Fed's Brainard suggests growth tailwinds may speed hike pace

Federal Reserve Governor Lael Brainard, one of the central bank’s most ardent doves, sounded optimistic about the U.S. economy’s outlook and suggested the pace of monetary policy tightening may need to accelerate.

“The macro environment today is the mirror image of the environment we confronted a couple of years ago,” Brainard told the Money Marketeers of New York University Tuesday. “In the earlier period, strong headwinds sapped the momentum of the recovery and weighed down the path of policy. Today, with headwinds shifting to tailwinds, the reverse could hold true.”

Lael Brainard, Federal Reserve Board Governor
Lael Brainard, governor of the U.S. Federal Reserve
Bloomberg News

Brainard’s optimistic remarks reveal a meaningful shift in her outlook for the U.S. economy. Since joining the Fed in 2014, she’s been a leading voice at the central bank for holding back on rate hikes, arguing slow growth abroad and weak inflation at home, called for caution. Her comments followed upbeat congressional testimony last week from Fed Chairman Jerome Powell, which prompted investors to lift the odds of four Fed rate hikes this year from the three moves it projected in December.

“Many of the forces that acted as headwinds to U.S. growth and weighed on policy in previous years are generating tailwinds currently,” she said, citing a pickup in economic activity outside the U.S. and fiscal stimulus from tax cuts and higher spending and closely echoing one of Powell’s key observations to lawmakers.

“The most notable tailwind is the shift in America’s fiscal policy stance from restraint to substantial stimulus in an economy close to full employment,” she said.
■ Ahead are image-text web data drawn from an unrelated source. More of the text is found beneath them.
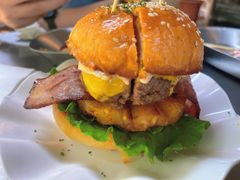 夏威夷牛肉汉堡-shark burger·鲨鱼汉堡(交子大道店)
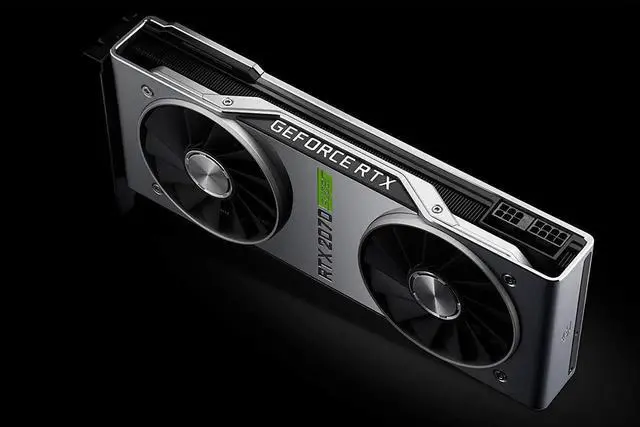 Alt view image 5 of 5 - NVIDIA GeForce RTX 2070 SUPER Founders Edition - 8GB GDDR6 1770 MHz RAM - 2560 Cores - Ray Tracing - DirectX 12 - DP/HDMI/DVI-DL - VR Ready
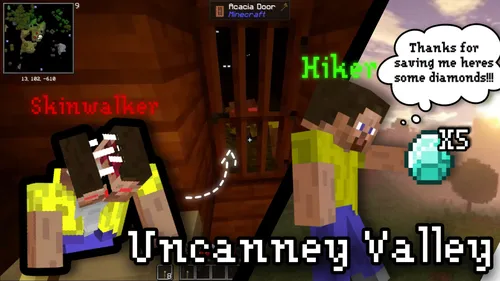 Uncanney Valley — Minecraft mod, rasm 1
Citing estimates, Brainard said tax cuts would add as much as 0.5 percentage point to growth in the U.S. this year and next. Still, she noted that inflation remained subdued.
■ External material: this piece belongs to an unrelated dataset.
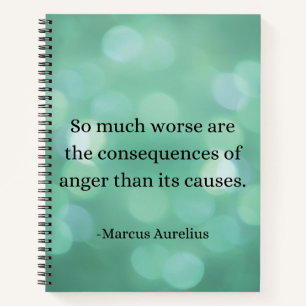 Marcus Aurelius: Erobern Sie Wut, finden Sie inner Notizblock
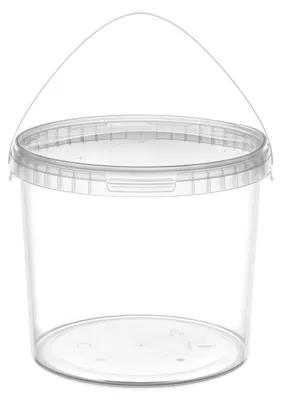 Produktbild von Garronda Eimer mit Deckel, 5 Liter, 1 Stück, für die Lagerung von Lebensmittel- und Chemischen Produkten Transparent GD-0072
“Continued gradual increases in the federal funds rate are likely to remain appropriate to ensure inflation rises sustainably to our target and to sustain full employment,” she said.

She declined to say if she’d shifted her outlook to four rate hikes this year, when asked about this by a member of the audience following her speech. Asked whether the possibility of a trade war — a concern as President Donald Trump plans tariffs on steel and aluminum and other countries consider retaliation — could disrupt her outlook, she said it’s too soon to tell.

“We would take into account developments if they proved to be material to the outlook,” Brainard said. “It’s early to tell what the broader implications could be, so I see it as an uncertainty, but not something that would materially change my outlook, today.”